•It is 87C average with 88C current. 93C was just the maximum spike and likely occurred when the cpu tried to briefly boost to its TV boost of 4.9GHz before downclocking to 4.8GHz.
•It was cooled by a 240mm water cooler with a thin rad. This 240mm watercooler is no better than a decent air-cooler and inferior to many good air-coolers like the Noctua NH U14S (and certainly inferior to the best air-coolers like the Noctua NH D15 that trade blows with the best 280mm watercoolers).
•It was tested with a load equivalent to Prime 95 small FFTs with AVX. That is like testing a building for an earthquake of 12degrees in the Richter scale, an earthquake that will never ever happen (well not until the sun goes nova or comets fell on Earth or some other such cataclysmic event occurs)
•It is with power-limits removed.
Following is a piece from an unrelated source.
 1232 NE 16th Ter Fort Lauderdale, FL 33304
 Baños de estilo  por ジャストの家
Had power limits been enabled the CPU would be forced to downclock to a lower frequency where power consumption would stay at 125W. For this workload that frequency would be 4.0GHz-4.3GHz.
•As shown, with power limits removed, the CPU has no problem to turbo indefinitely at its all-core turbo 2.0 speed of 4.8GHz. And had temps stayed below 70C it would be turboing indefinitely to 4.9GHz.
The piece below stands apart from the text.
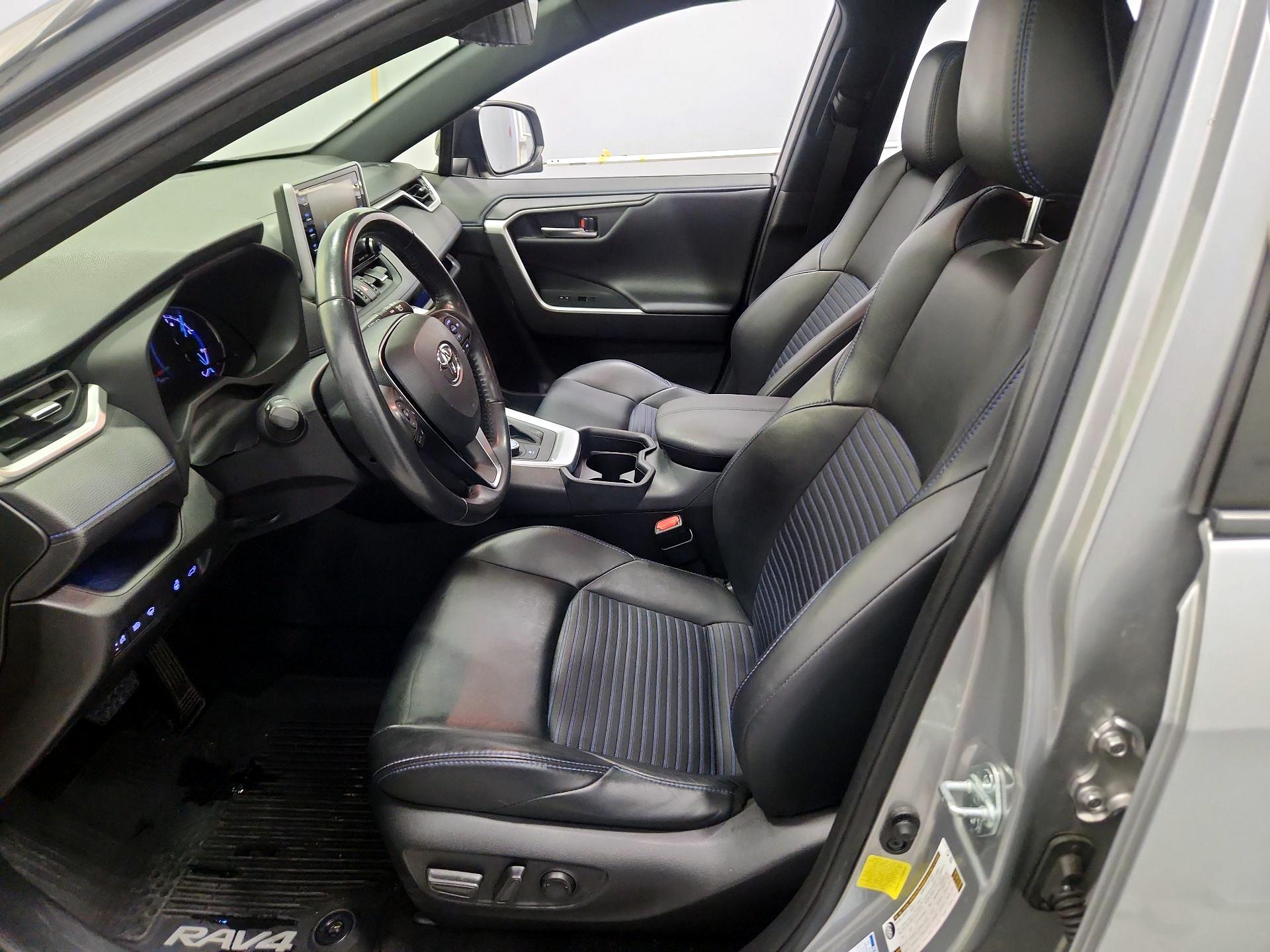 Thumbnail: 2020 Toyota RAV4 - 11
•The 5.3GHz is the turbo with only 1 or 2 cores active. Turbo depends on the workload’s needs. The nature of most workloads only requires brief frequency boosts. If the workload is 1-2core and bursty the turbo will be bursty. If the workload is 1-2core and sustained then the 5.3GHz turbo will be sustained too (i.e. for as long as the workload is active). If for example you run Cinebench R15/R20 single- threaded (or dual-threaded) this CPU will have no problem maintaining that 5.3GHz speed for the entire duration of the test, even without removing power limits and even just having a simple 212EVO to cool it. In the worst-case scenario, temps will be above 70C in which case you will get a sustained 5.2GHz (which is the turbo boost 3.0 frequency which is not depended on temperature – other than TJmax that is).